▶ **Activity**
Each entry that follows is to be retyped exactly. Pictures do not belong in the copy.

Crawled caption data
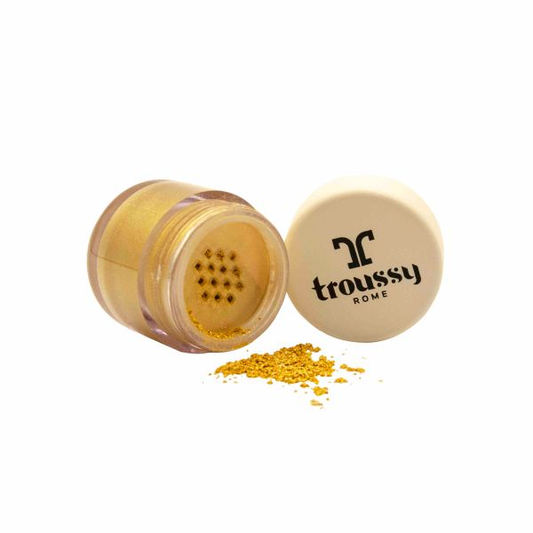 Pigments Libres Col. 1 Golden - 7gr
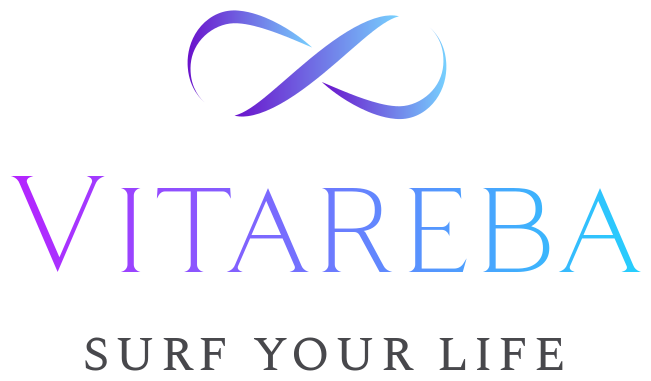 VitaReBa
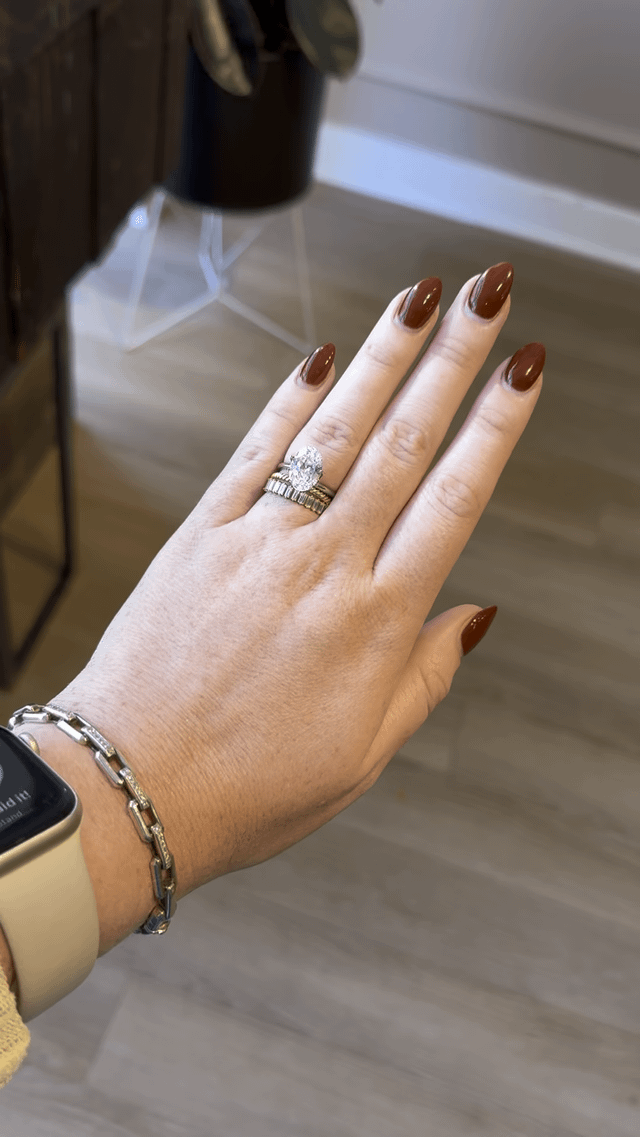 爱上我实验室开发的堆栈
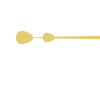 🌟
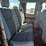 2020-ford-6.5-ft-image-15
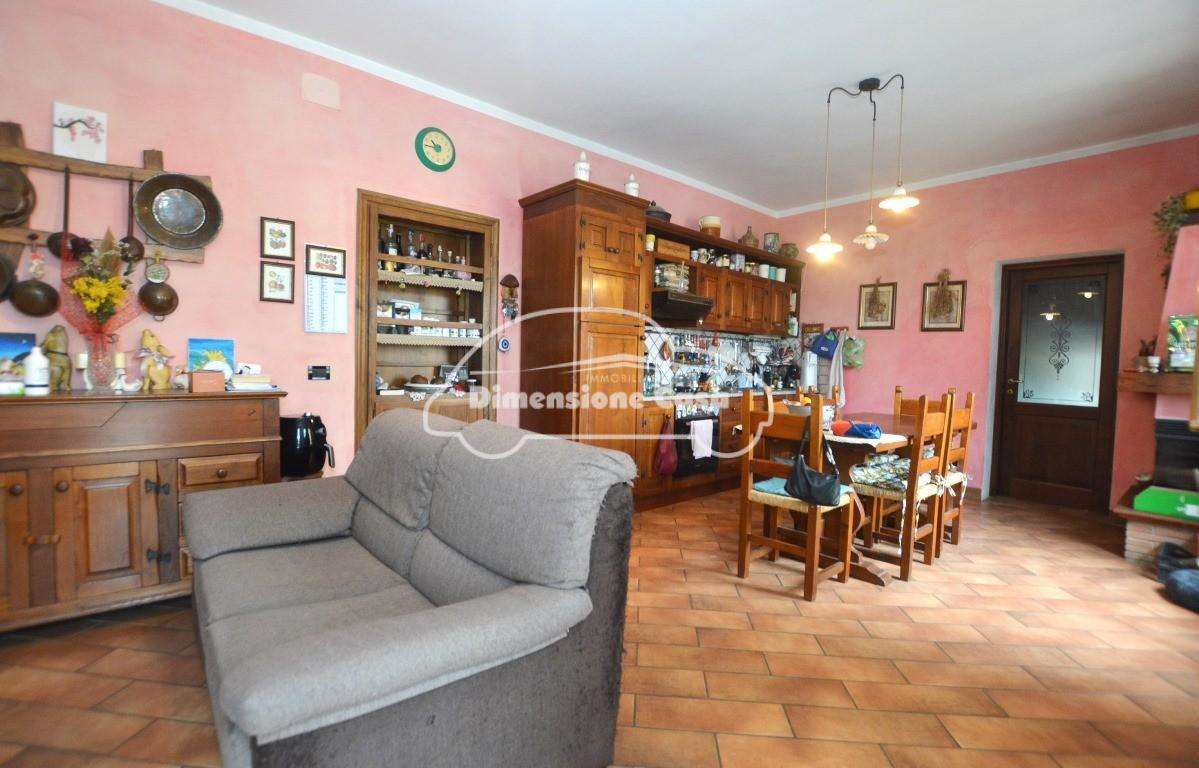  - foto 12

▶ **Solved exercise**
 Pigments Libres Col. 1 Golden - 7gr
 VitaReBa
 爱上我实验室开发的堆栈
 🌟
 2020-ford-6.5-ft-image-15
  - foto 12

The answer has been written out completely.